Dans son édition du 16 janvier 2014, l'UAAR reprend un article de Paul Fidalgo, publié sur son blog Friendly Atheist, intitulé Atheism and the Need for ‘Sacred Spaces’ for Ritual: Are They in Conflict?”
et partant de là, s'interroge à son tour sur le besoin de rites chez les athées. On verra la traduction de cet article de l'UAAR ci-dessous. Mais avant, il importe de poser la question en termes rationnels afin de neutraliser certaines dérives « étazuniennes », qui pour noyer le poisson et assurer le consensualisme sociétal (alias le politiquement correct), de rigueur dans la bonne société d'outre-Atlantique, lancent l'anathème contre le « nouvel athéisme » et contre les « athées ultra-orthodoxes », c'est-à-dire en clair, contre les athées tout court. Le but essentiel étant de les disqualifier par avance ; en somme, de les excommunier. Pour un peu, on en viendrait à traiter les athées athées – je veux dire réellement athées – d'hérétiques. Bref, on voit poindre ici une guerre de religions entre « athées », une croisade contre les « athées » plus ou moins orthodoxes, plus ou moins labellisés. À quand les bûchers ? À quand l'Inquisition ?
Comme on le verra, tout ça au nom de l' « esthétique » ? On croit rêver...

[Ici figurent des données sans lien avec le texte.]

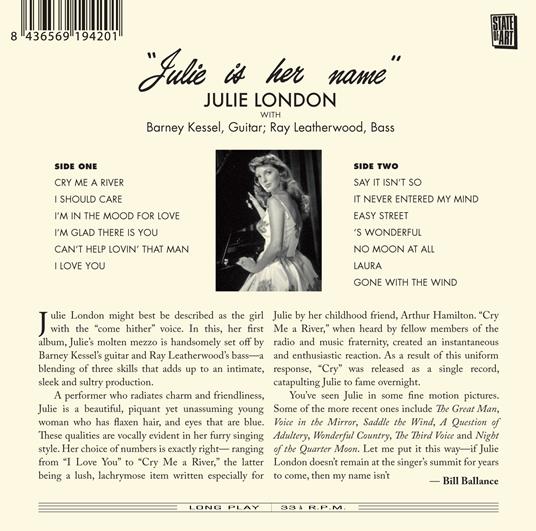 Julie Is Her Name. The Complete Sessions - CD Audio di Julie London - 2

Alors, un moment de réflexion.
Il y a une confusion dans les idées qui tend à assimiler athéisme et laïcité.
Et ce brouillard, comme tous les brouillards qui se respectent, perturbe assez la vision et dès lors, favorise une sorte de magma où les lignes et les pensées se perdent.
En premier lieu, il faudrait comparer ce qui est comparable : non pas l'athéisme à la laïcité – qui sont des concepts qui se situent sur des plans différents. L'athéisme renvoie à une conception philosophique et la laïcité à un comportement social en même temps qu'au groupe et aux institutions qui s'en réclament.
Il faudrait donc mettre face à face : la laïcité et l'athéité. Deux entités comparables, mais véritablement distinctes.
Par ailleurs, ces deux mondes particuliers ne couvrent pas l’ensemble des « mécréants » ; il est une catégorie ignorée et pourtant centrale et essentielle au mécréantisme, c'est cette bande qui a comme principe et comme pratique le refus non seulement de Dieu, non seulement de l'appartenance ou du ralliement à une religion, mais bien le refus de toute forme de religion, fût-elle athée. Mécréantisme qui implique non seulement le refus de toute croyance dogmatique, de toute croyance spirituelle, mais aussi de toute croyance tout court. Cette attitude de vie entraîne également le refus de toute organisation structurée fondée sur la reliance (religio), elle-même fondée sur un substrat commun et des obédiences communes. Bref, le refus de toute religion entraîne le refus de toute forme d'église, même laïque. Dès lors, pour en venir aux rites (précisons que nous ne sommes pas contre la fête...), on découvre ceci : tout rituel, ayant, c'est sa nature, pour fonction d'engager et d'assurer l'avenir, d'affirmer et de garantir la soumission, est, par essence, une forme de sortilège ou de superstition et repose sur une croyance (peu importe laquelle); il l'institue. Pour le mécréant, le refus de tout rituel est évidemment cardinal – il s'impose.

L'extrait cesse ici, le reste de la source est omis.